Wednesday, January 3, 2007

Secret Thoughts of the Vacuous

Op-ed columnist Maureen Dowd spent her entire column informing us what major figures, such as Sen. Hillary Clinton and President George H.W. Bush were really thinking at President Gerald Ford’s funeral. (“James Baker’s secret thoughts belied his poker face: ‘I tried to help you out, son, but you’re too dang stubborn. Or ‘resolute,’ as you say. Stubolute. A clear case of TMC — too much Cheney.’ Dick Cheney’s bubble was trouble: ‘I’m surging, I’m surging, I’m surging.’”)

And Dowd’s bubble? “I don’t really have anything to say. But when do I ever? Maybe this will fool them again.”

Sunday, December 10, 2006

Hurrah, Iraq report divides GOP: NYTimes

Apparently, we're supposed to believe from this New York Times headline of Dec. 10 that Republican Party is deeply divided between moderates and conservatives over the Iraq Study Group report. And that, by implication, means more bad news for President Bush.

Report on Iraq Exposes a Divide Within the G.O.P.


WASHINGTON, Dec. 9 — The release of the report by the bipartisan Iraq Study Group this week exposed deep fissures among Republicans over how to manage a war that many fear will haunt their party — and the nation — for years to come.

A document that many in Washington had hoped would pave the way for a bipartisan compromise on Iraq instead drew sharp condemnation from the right, with hawks saying it was a wasted effort that advocated a shameful American retreat.
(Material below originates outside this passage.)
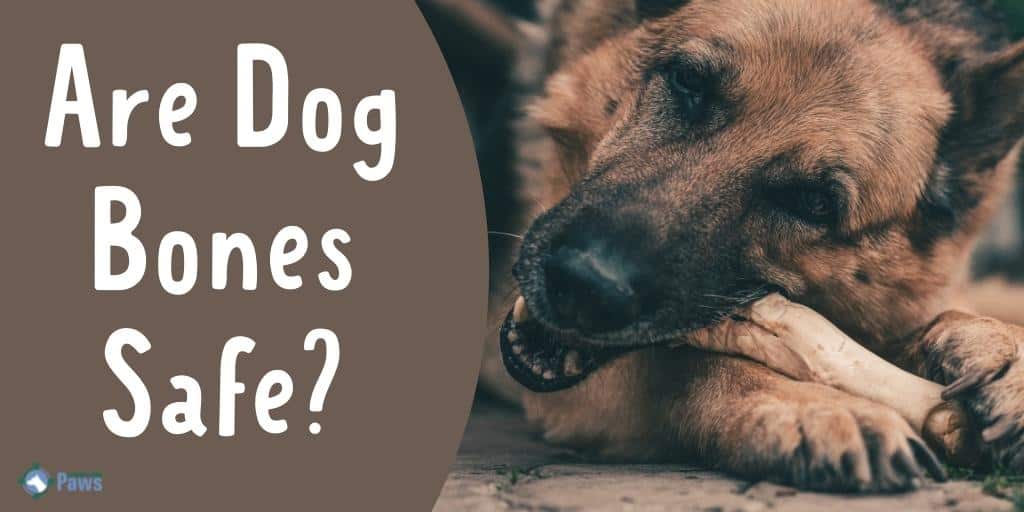 Are Dog Bones Safe - Are They Good for Dogs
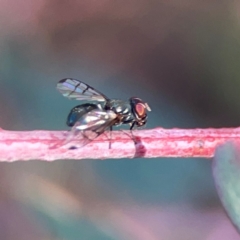 Platystomatidae (family) (Unidentified signal fly) at O'Connor, ACT - 25 Feb 2024 by Hejor1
Read the complete story, though, you'll find that the two sides separated by the divide are not of equal size. Only two "moderate" Republicans are quoted down in the story in two short graphs. The bulk of the story quotes more conservative Republicans who regard the ISG report as something close to rubbish. More reporting should have been done to support the headline. Or maybe a better headline would have been: "Most Republicans Believe Iraq Report is Dead on Arrival."

Also deep in the story is a short description of how Democrats are divided by the report. Yet, none of that deserves higher play or a part of the headline, in the view of the NYT's non-editors.

By the way, it's not the "Bipartisan Iraq Study Group," as it is constantly named by so many in the media, including folks at the New York Times, who want to burnish it with more credibility than it deserves. The word "bipartisan" has been used so often before the title that some readers can't be blamed if they think the word is part of the title.